Print exactly, and only, the lines from the one containing "Beijing Le Zai" through the last line of the records below, both included; leave out the pictures.

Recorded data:
□ □ □ □ □ □ □
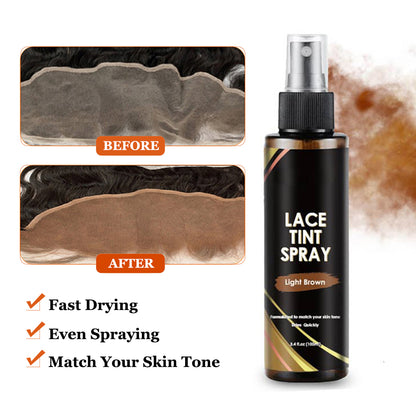 Waterproof Lace Wig Glue Strong Liquid Adhesive Hair Glue For Lace Front Wigs Lace Tint Spray  Elas 4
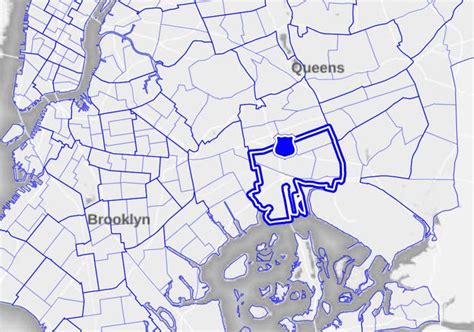 Nypd Precinct Map Queens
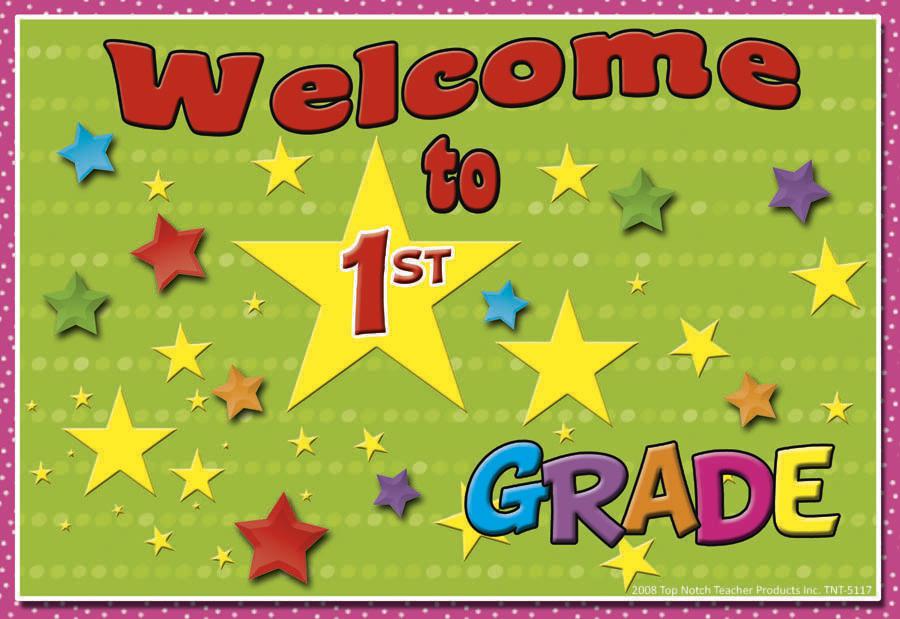 Top Notch Teacher Postcards Welcome To 1st Grade | TOP5117 – SupplyMe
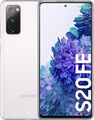 Samsung Galaxy S20 FE Smartphone 128GB Weiß Cloud White NEU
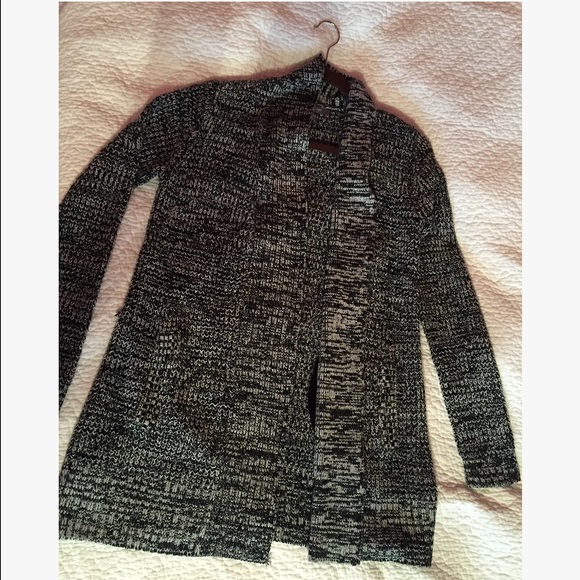 Black and White Cardigan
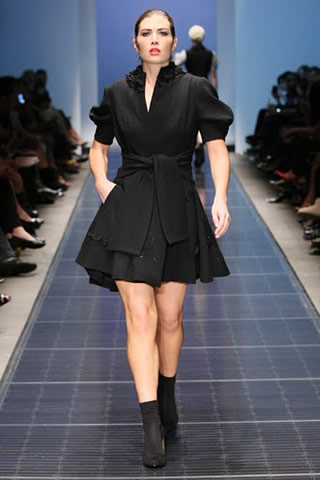 Portland Fashion Week 2011 Amelia Toro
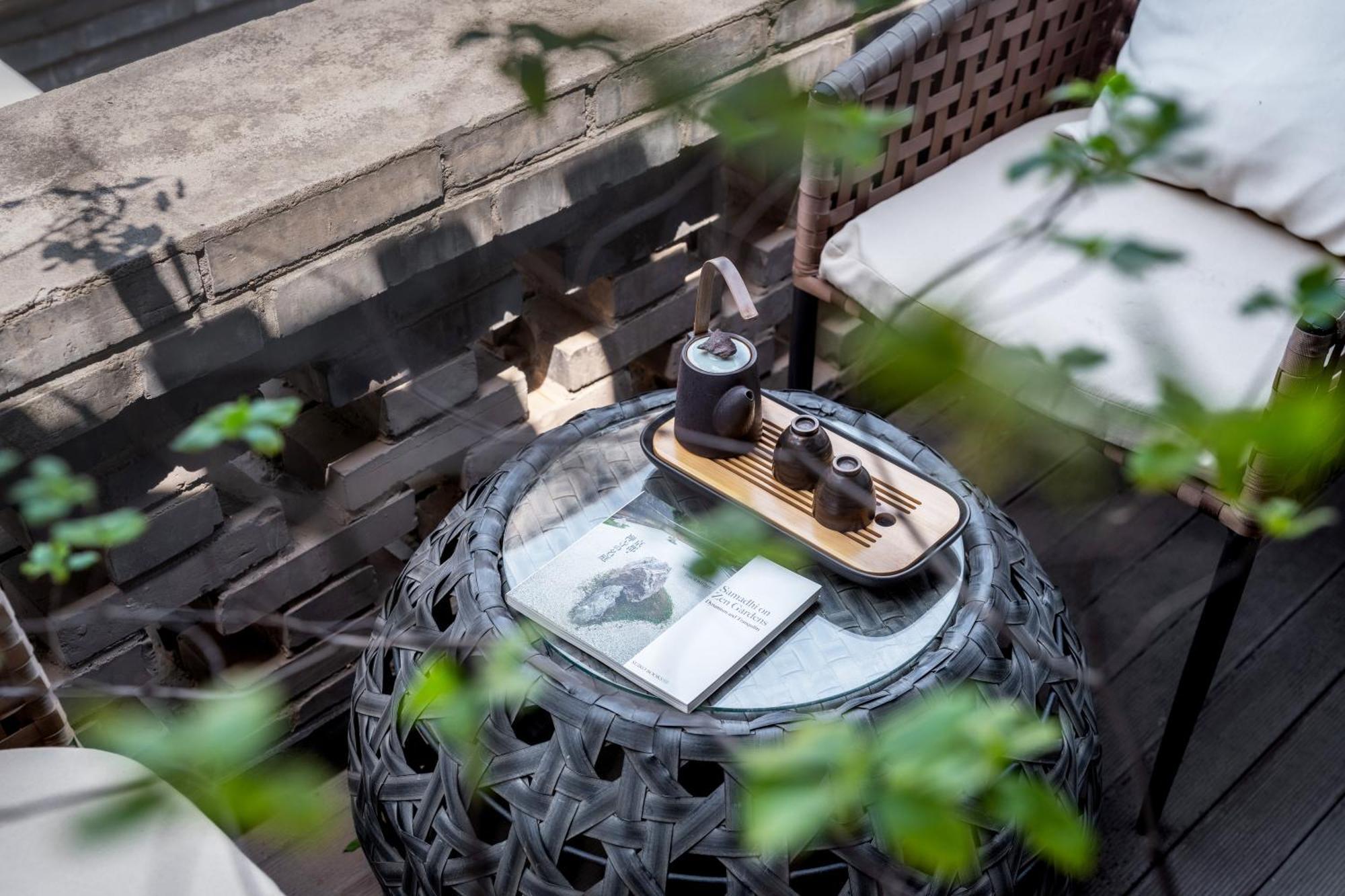 Beijing Le Zai Nan Luo Gu Xiang Wang Fu Jing Forbidden City Courtyard Hotel&Free Laundry Service&Free Coffee And Dumpling Experience Service Buitenkant foto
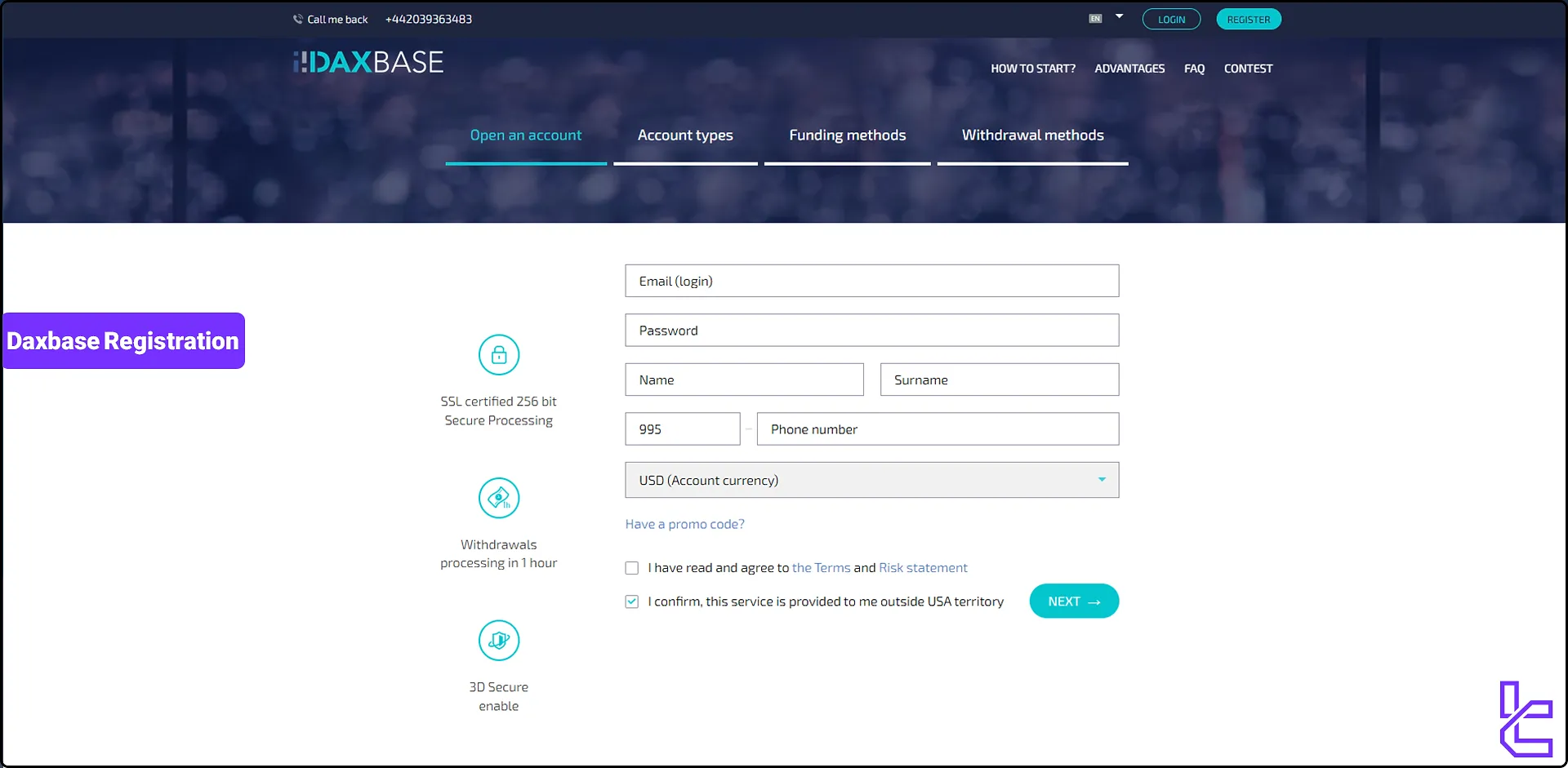 Daxbase Registration Guide 2024 [Sign-up + Email verification Walkthrough]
□ □ □ □ □ □ □
Solution below -
 Beijing Le Zai Nan Luo Gu Xiang Wang Fu Jing Forbidden City Courtyard Hotel&Free Laundry Service&Free Coffee And Dumpling Experience Service Buitenkant foto
 Daxbase Registration Guide 2024 [Sign-up + Email verification Walkthrough]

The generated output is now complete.